I happen to know somebody who is strongly against Git but have to give up the fight and use it instead. However, if your workflow philosophy does not change, you won’t touch the true power of git. So, what is wrong with CVS? By far the cleanest explanation I find is from Zack Brown: > There were many complaints about CVS though. One was that it tracked changes on a per-file basis and didn’t recognize a larger patch as a single revision, which made it hard to interpret the past contributions of other developers. There also were some hard-to-fix bugs, like race conditions when two conflicting patches were submitted at the same time.
CVS is really terrible when I want to reorganize the whole directory or the Internet connection is off. Besides, I have some other opinions. The key concept behind Git is its distributed storage. I’ll make a bet that if you are a truly open-source person, you will love this idea.
So now when you go back and revisit this story of Git, you can feel the importance of vision for the future. New things are born because we are tired of the old ones. The popularity of Git and its workflow has a reason.
By the way, for a serious project, NEVER push directly to the master branch. There are all kinds of tool to do automated testing before you are confident about the changes.

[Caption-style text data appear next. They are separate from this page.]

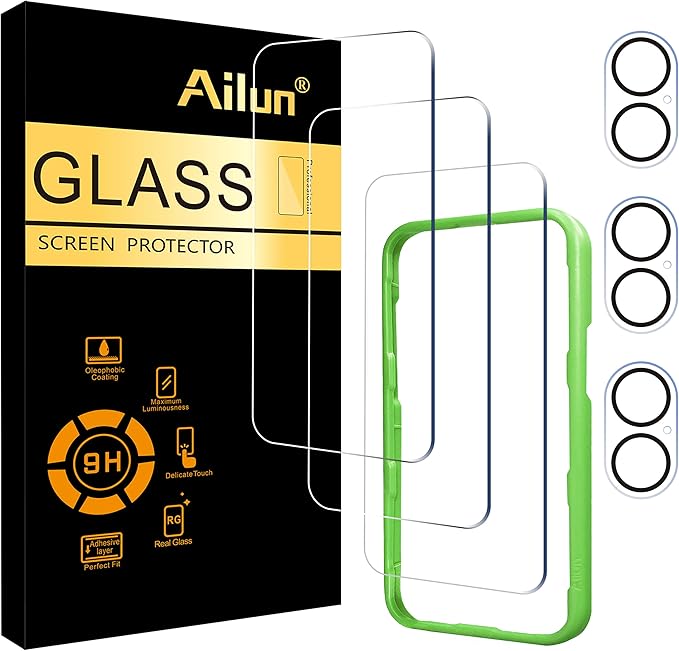 Ailun 3 Pack Screen Protector for iPhone 17 + 3 Pack Camera Lens Protector by Ailun
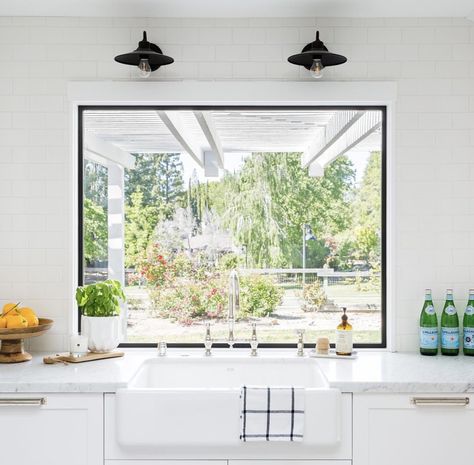 Window Above Kitchen Sink, Window Over Kitchen Sink, Window Above Sink, Above Kitchen Sink, Window Over Sink, Kitchen Sink Window, Style Me Pretty Living, Picture Window, French Style Homes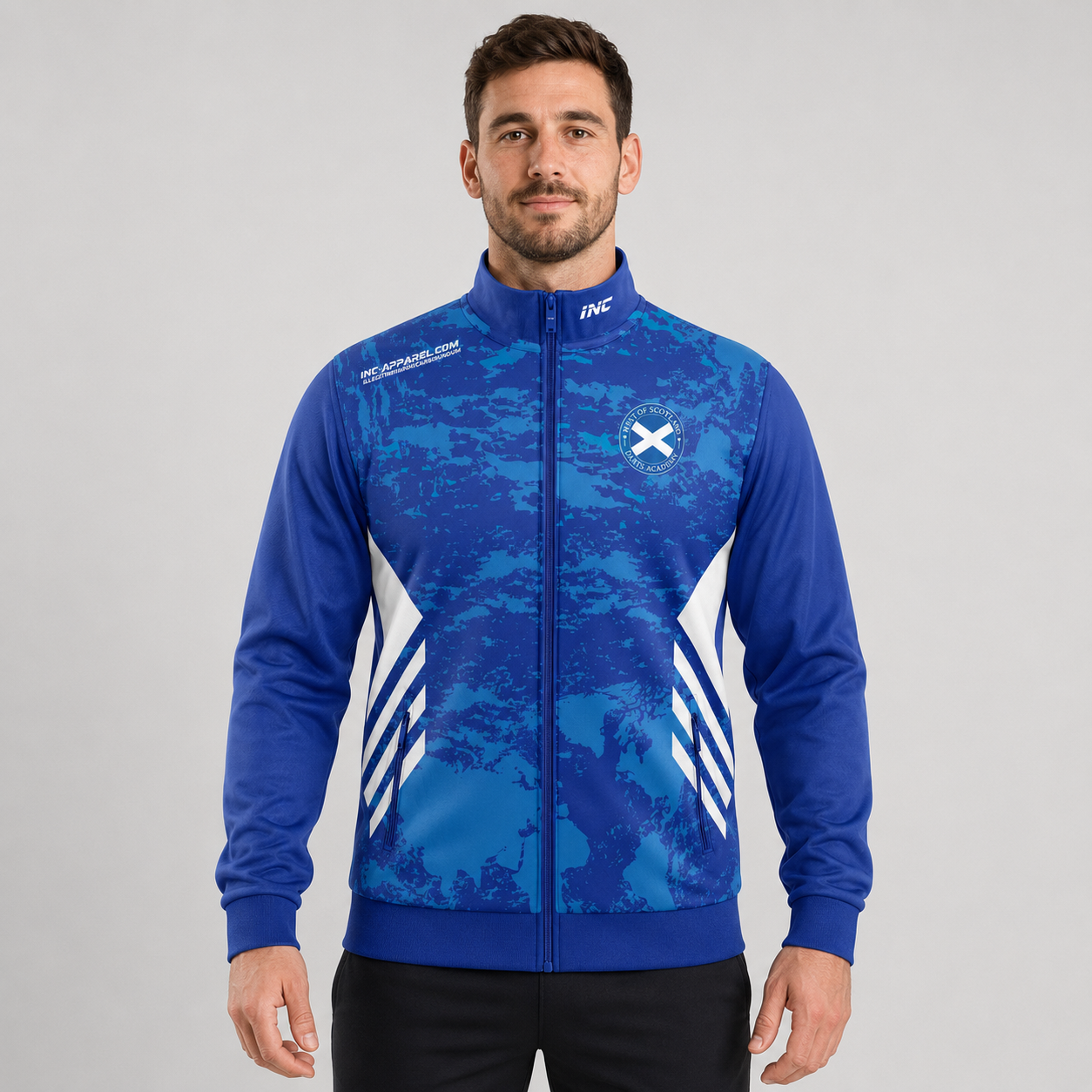 Front view of the unisex Official West of Scotland Darts Academy Tournament Jacket, highlighting the sleek full-zip design, athletic collar, and prominent official academy branding.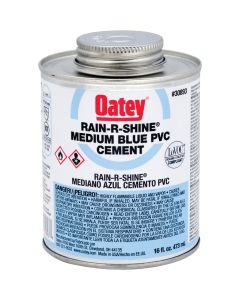 Oatey Rain-R-Shine 16 Oz. Medium Bodied Blue PVC Cement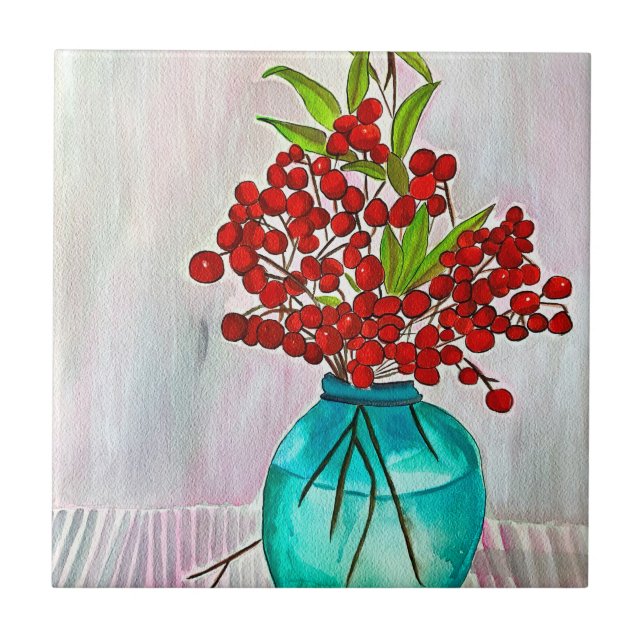 Red Christmas Berries aquarela arte (Frente)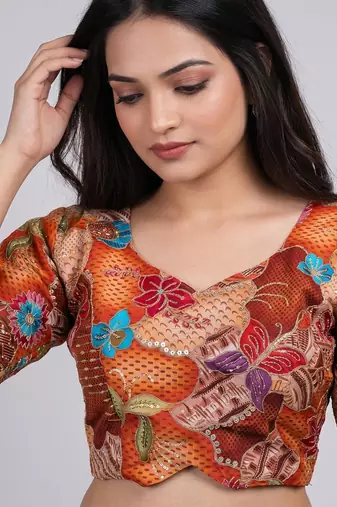 Designer padded blouse with embroidery work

With all that being said, git is still not perfect. Recently I was confused about the usage of git rebase
, so I did a search on the topic. Both merge
and rebase
are used for merging branches, but the differences are summarized here. Based on my current understanding, rebase
is better than merge for local unpublished commits; rebase
may create a disaster in conflicts if being used on commits that are already pushed/shared on a remote repository!1
Adding
The first principle of commits is one thing at a time. For instance, if you have two independent changes in a file, the basic git -add file
will list both changes togther. A more advanced way is git add -p file
: this allows you to go through all the changes and decide whether they belong to the same topic!
Renaming
Often git may get confused about renaming files. Check this StackOverflow discussion and the trick of using git log --follow
in Follow the History of renamed files.
The important thing to know is that internally git does not have the concept of renaming: it only knows deleting and adding. A more thorough explanation can be found here. In most common cases, when you try to reorganizing your code, consider separate the renaming stage and content modification stage.
Squashing
Generally it is better to squeeze small commits before merging, especially in a PR. Take a look at this post Combining multiple commits before pushing.
Finding regression
git bisect
is a great tool for finding regression. Check how to use git bisect.
Blaming
git blame
shows the modification history of a file. There are now built-in GUI supports on GitHub and GitLab.
Deleting a branch
Resolving conflicts
When does conflicts may occur
git merge
git rebase
git pull
git cherry-pick
git stash apply
How to undo a conflict and start over
You can always undo and start fresh!
git merge --abort
git rebase --abort
How to solve a conflict
Simply clean up the file!
git mergetool
Removing from history
Removing a file completely from Git history requires extra care, which is described in Removing sensitive data from a repository.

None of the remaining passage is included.